Religieux de la Province de Bordeaux.

Un lozérien sur les bords de la Marmara.

Fortuné Marius est né le 11 juin 1883 à Cayroux près de Massegros en Lozère, dans une famille qui donne à l’Eglise deux prêtres – le P. Aimé – et deux religieuses. A 13 ans Marius s’oriente vers la vie religieuse et le sacerdoce. Il entre à l’alumnat du Breuil (Deux-Sèvres) de 1896 à 1899 et à Saujon, près de Royan en Charente- Maritime de 1899 à 1901. Il prend l’habit assomptionniste à Louvain en Belgique le 25 septembre 1901 et s’embarque à Marseille pour se rendre au noviciat assomptionniste d’Orient à Phanaraki en Turquie où il prononce ses premiers vœux le 25 septembre 1902. L’Orient va le garder de longues années, car il poursuit sur place ses études de philosphie (1903-1905) avant de gagner Louvain pour la théologie (1908-1911) qu’il termine à Rome (1911-1912). De 1905 à 1908, il a fait l’expérience de l’enseignement, à Konia, fasciné par ce monde musulman qu’il recréera par la suite dans des séances récréatives. C’est à Phanaraki qu’il prononce ses vœux perpétuels le 27 septembre 1903 entre les mains du P. Souarn et à Louvain qu’il est ordonné prêtre le 9 juillet 1911 par Mgr Wachter, auxiliaire de Malines.

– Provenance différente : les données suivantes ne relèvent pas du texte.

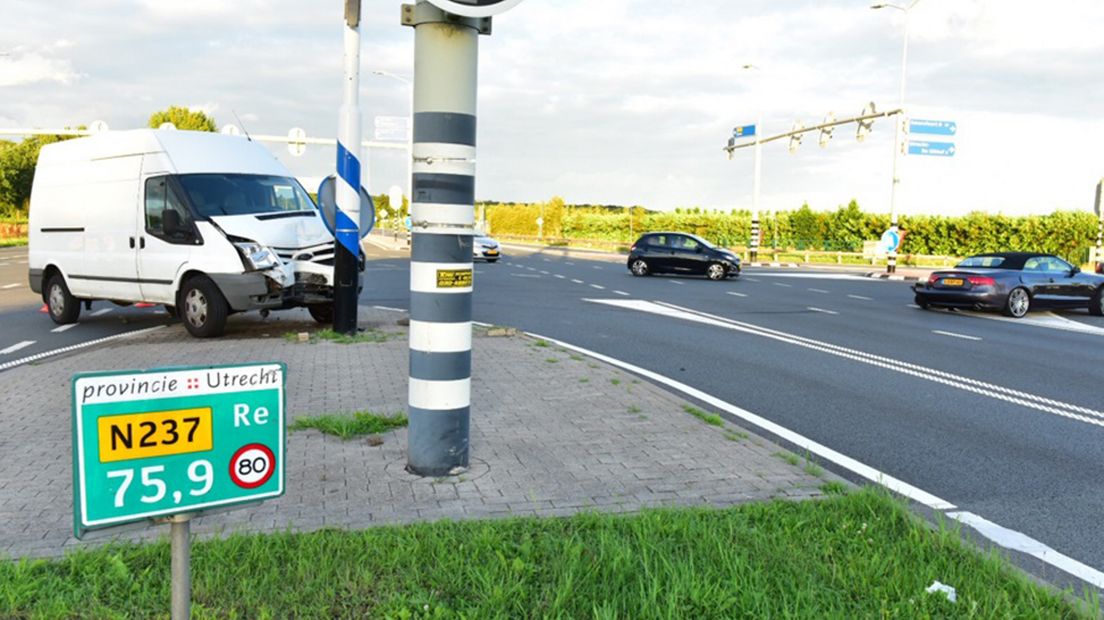 Het busje kwam tegen een paal tot stilstaand.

Professeur-formateur à Elorrio.

En 1912, il gagne Elorrio en Espagne, alors maison de transit pour gagner l’Amérique du Sud, mais il y plante sa tente pour de longues années (1912-1936), sauf l’interruption militaire 1915-1917 passée à Montpellier. Professeur, liturge, c’est l’homme ordonné, d’un abord plutôt froid mais d’une justice sans défaut. Nommé supérieur en 1920, il doit laisser partir les élèves français à Saint-Maur et l’évêque de Victoria en 1922 prive la maison des candidats basques qu’il réserve au clergé diocésain.

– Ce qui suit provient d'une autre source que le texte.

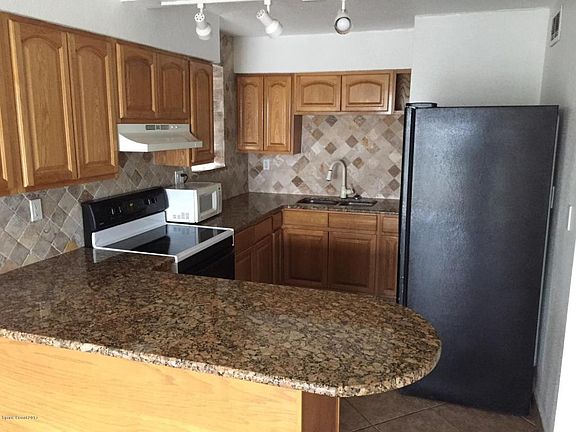 2nd image of 3502 Ocean Beach Blvd #C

En 1926, il laisse sa charge de supérieur au P. Maxime Bruchon pour celle d’économe. Il s’ingénie à trouver des ressources pour faire vivre un internat sans moyens; en 1929, il est à nouveau nommé supérieur et il essuie de plein fouet les difficultés créées par l’installation du régime républicain. En 1934, il ne reste dans la maison que deux professeurs et une quinzaine d’alumnistes. Les Asturies s’enflamment, les miliciens occupent la maison en octobre 1936 et la dévastent. On doit fuir dans un couvent mariste proche. Un navire anglais ‘Exmouth’ transporte les restes de l’alumnat à Saint-Jean de Luz. Avec le P. Michel Pruvost il repasse la frontière et, malgré les dégâts, à force de ténacité, Elorrio reprend vie en 1939. En août 1939, épuisé par ces années difficiles, le P. Fortuné quitte Elorrio, il gagne la maison de Layrac qui, à son tour réquisitionnée pour les besoins de la guerre, l’oblige à se diriger sur Viviès, maison de vacances des orphelins de la Grande Allée de Toulouse qu’ils ont dû abandonner, car transformée en hôpital.

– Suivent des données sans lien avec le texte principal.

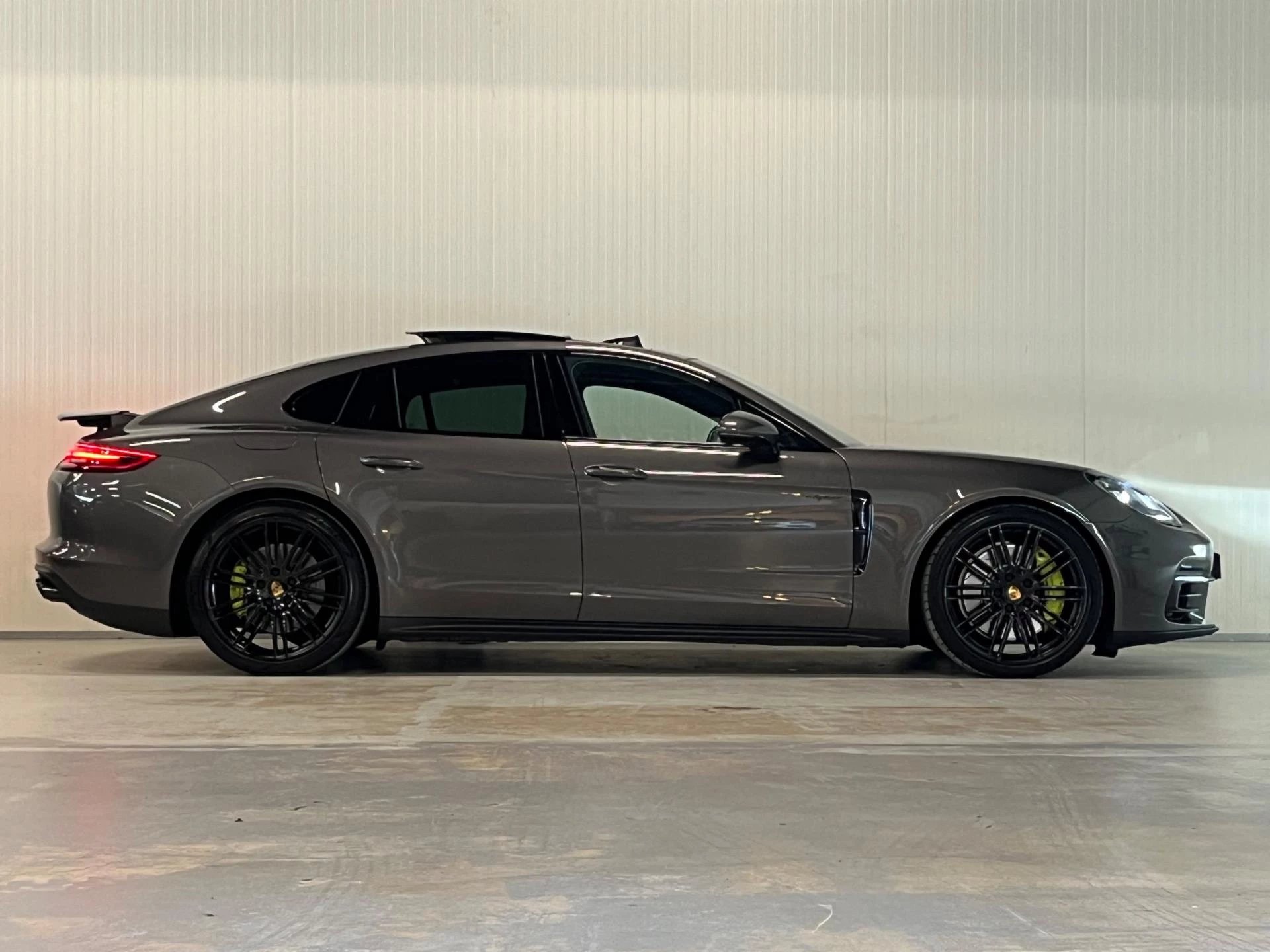 Hoofdafbeelding Porsche Panamera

Au service de l’orphelinat de Toulouse.

En 1942, tout le monde peut rentrer à Toulouse où le P. Fortuné devient aumônier. Prévenant et délicat, il gagne la confiance des jeunes avec cette amabilité discrète qui le caractérise. Bien qu’il n’ait que soixante-trois ans en 1949, il fait figure de vieillard, usé prématurément. En novembre 1948, il connaît un premier accroc de santé, mais il s’en remet. Le vendredi 4 mars 1949, lui si ponctuel, n’est pas présent pour la célébration de la messe à 7h30. Une Sœur monte dans sa chambre et le trouve dans son lit, sans contraction mais sans mouvement. Il faut se rendre à l’évidence, le Père Fortuné est mort, d’une embolie sans doute. Ses obsèques sont célébrées le samedi 5 mars dans la chapelle de l’orphelinat de la Grande Allée, présidées par le Provincial de Bordeaux, le P. Régis Escoubas, et le Père Fortuné est inhumé dans le caveau que la communauté possède au cimetière de la ville. Il n’a que soixante-six ans.

Bibliographies

Bibliographie et documentation: Lettre à la Famille 1949, n° 69, P. 161-163; n° 73, P.37-39. Voulez-Vous ? (bulletin de Layrac), 1949, n° 12, p. 4-5. Lettre du P. Régis Escoubas du 3 mars 1949 Sont conservés une partie de la correspondance du P. Fortuné Badaroux, entre 1912 et 1949, ainsi que ses rapports de supérieur d’Elorrio entre 1928-1935. Il a d’autre part donné à la Lettre à la dispersion de nombreuses chroniques sur Elorrio, Perpignan et Montpellier.